I may be slow to type this cause im on my cell phone at work but i will try my best.. So my boyfriends birthday is this week and he just started into hunting recently so i googled this site from work to find ideas because i no he likes hunting alot now.

I took a picture of everything he has in his hunting bag the other day and i will try to put it here on my phone but not sure if it will work. IF the photo does work can you please tell me based off what he has now wat would be some typical things he would also need and i will stop by the hunting store this week to see if they have??

Thanks!


----------



## curiousgirlfriend (1 October 2013)

NO! This didnt work on my phone omfg. Can someone please tell me how to delete this photo or my comment right away please please please!! I need someone to delete this!


----------



## curiousgirlfriend (1 October 2013)

hello??? anyone???


----------



## alainax (1 October 2013)

Really suspicious, cell phone, hunting bag, hunting store and a bum pic... whats really going on here? Oh.. and just delete/move the photo from your imgur album.

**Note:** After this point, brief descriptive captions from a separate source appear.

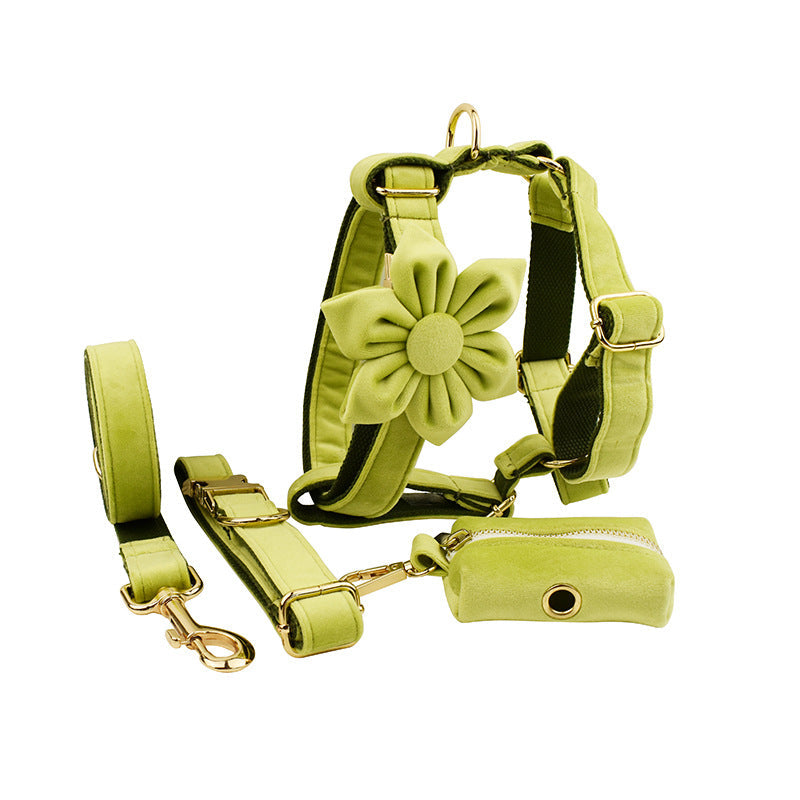 Velvet Luxe Dog Collar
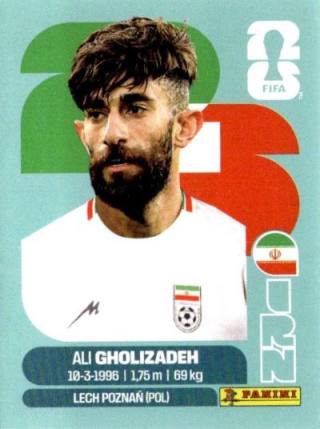 Ali Gholizadeh – FIFA World Cup 2026 - Standard Edition, Nr. IRN20
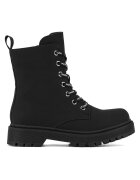 DeeZee Зимни обувки CS5587-16 Черен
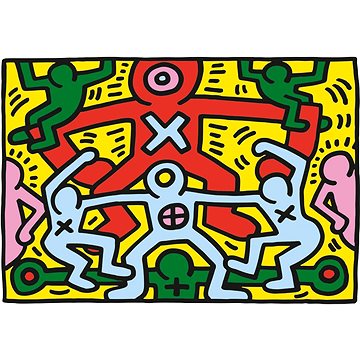 

CLEMENTONI Novo Art Series: Keith Haring 1000 dílků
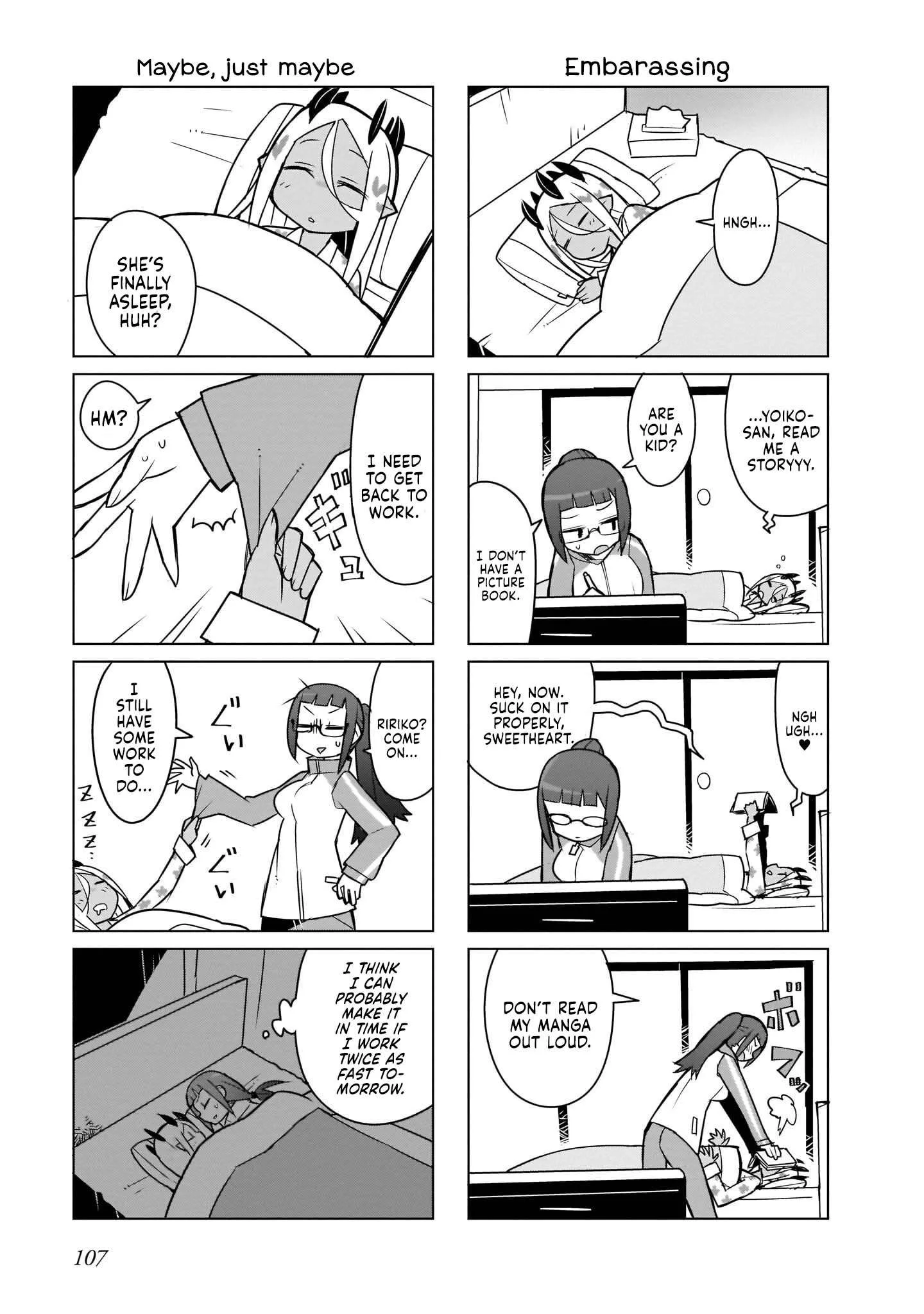 Yoiko Sensei To Usuihon No Akuma Chapter 12 page 7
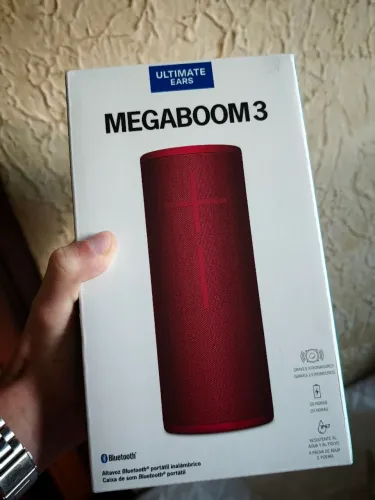 Caixa de som bluetooh ears boom 3 Lacrada
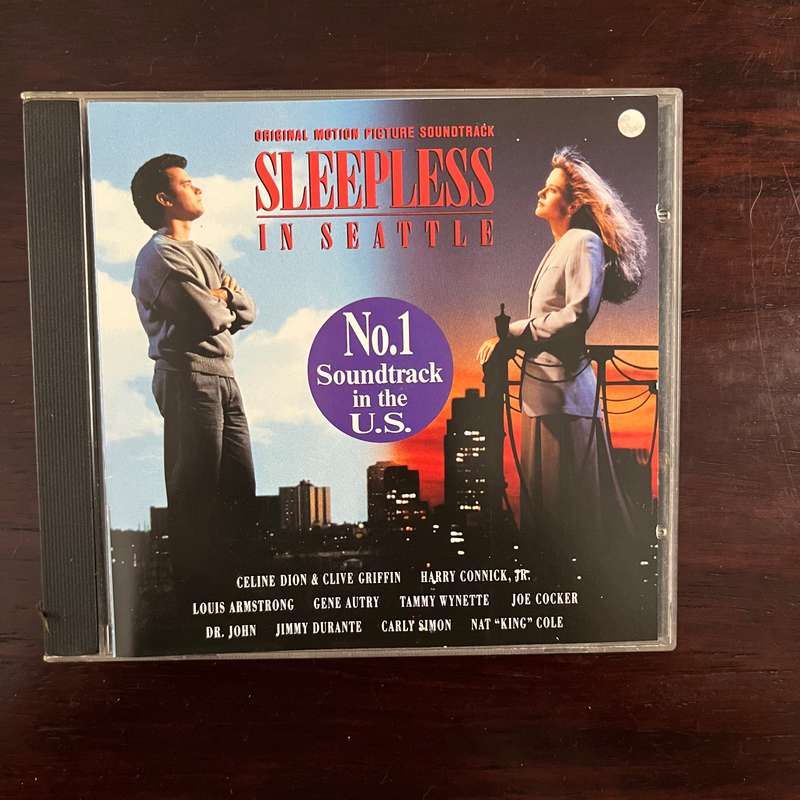 Sleepless in Seattle CD Soundtrack South African Press Joe Cocker Carly Simon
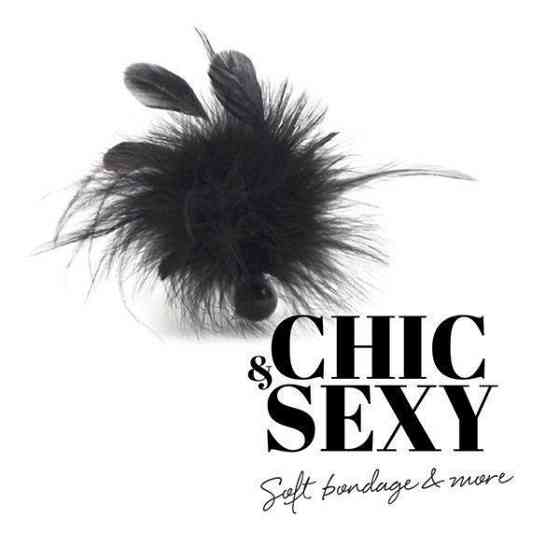 Мітелка Bijoux Indiscrets Pom Pom – feather tickler Sex Aura Київ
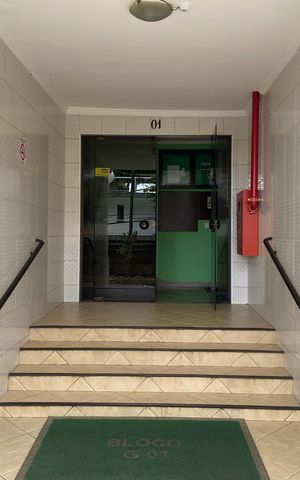 Apartamento à venda com 76m², 3 quartos e 1 vagaHall de entrada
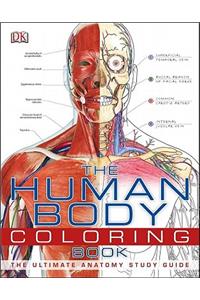 Human Body Coloring Book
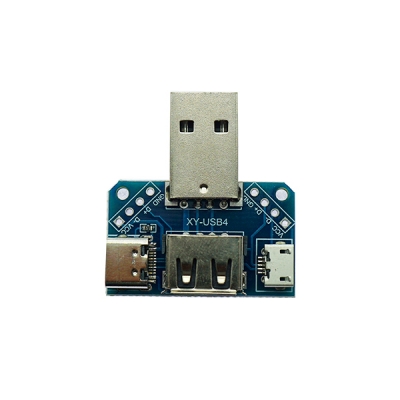 USB 헤더 변환 TYPE-C 3WAY 아답터 [OPEN-TA47-009]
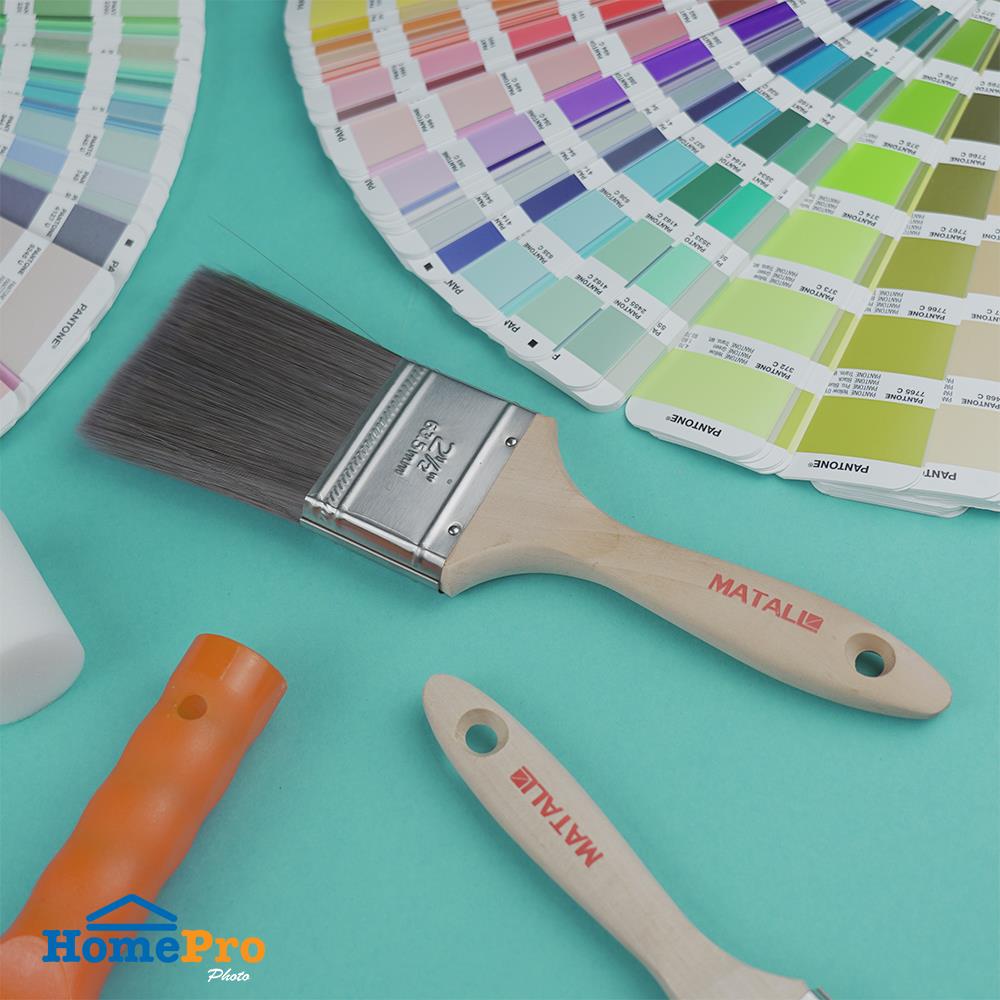 แปรงทาสี POLYESTER MATALL SRT 2.5 นิ้ว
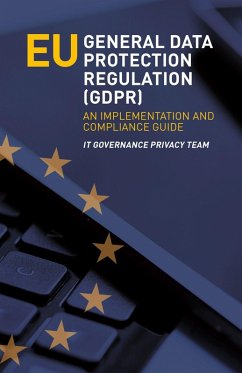 Cover EU General Data Protection Regulation (GDPR) - An Implementation and Compliance Guide (eBook, PDF)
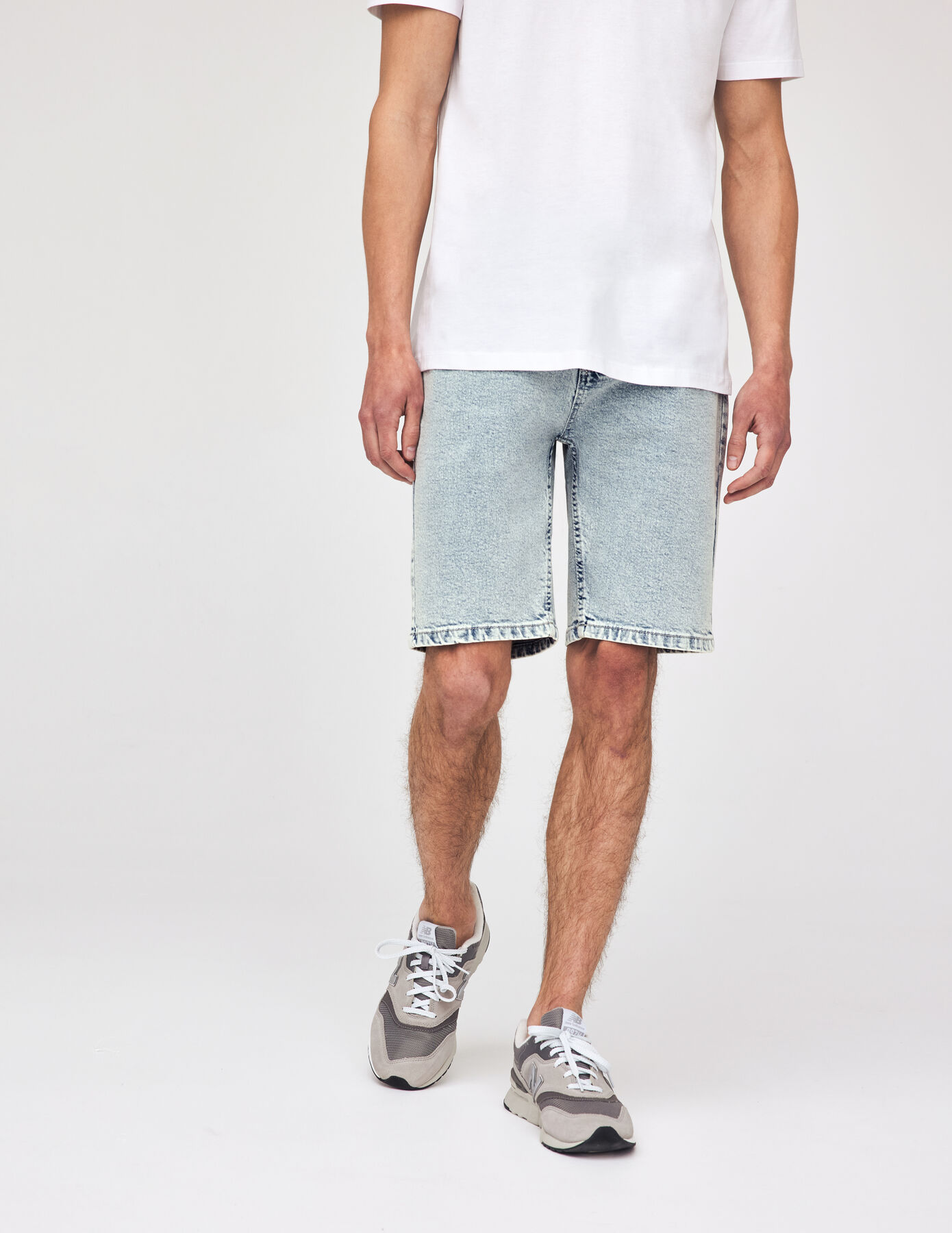Bermuda en jean Bleach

Edit - ah I see you edited, problem solved. 

So back on track, what type of hunting does your BF do exactly?


----------



## Patterdale (1 October 2013)

:eek3: 

You have 15 mins to edit and delete. Otherwise, click the report icon (red triangle) and report it and admin will remove. 

But how on EARTH do you do this by mistake????? :rolleyes3:


----------



## star26 (1 October 2013)

It's gone! Phew!


----------



## pansy (1 October 2013)

Ok I'm intrigued now ( or even a bit nosey) I can see the ordinal post has been edited - am I allowed to know what was there ???


----------



## mattydog (1 October 2013)

OP I felt your pain.... but it did make me giggle!


----------



## tickety_boo (1 October 2013)

Hmmm. I don't believe for one second that this was genuine, but it was still funny.


----------



## alainax (1 October 2013)

pansy said:



			Ok I'm intrigued now ( or even a bit nosey) I can see the ordinal post has been edited - am I allowed to know what was there ???
		
Click to expand...




alainax said:



			.... and a bum pic...
		
Click to expand...




...........


----------



## pansy (1 October 2013)

Thanks alainax 
Whoops xx


----------



## Caol Ila (1 October 2013)

WTF?

Spend all day at various yards....you miss out on something.


----------



## MiniMilton (1 October 2013)

Please tell


----------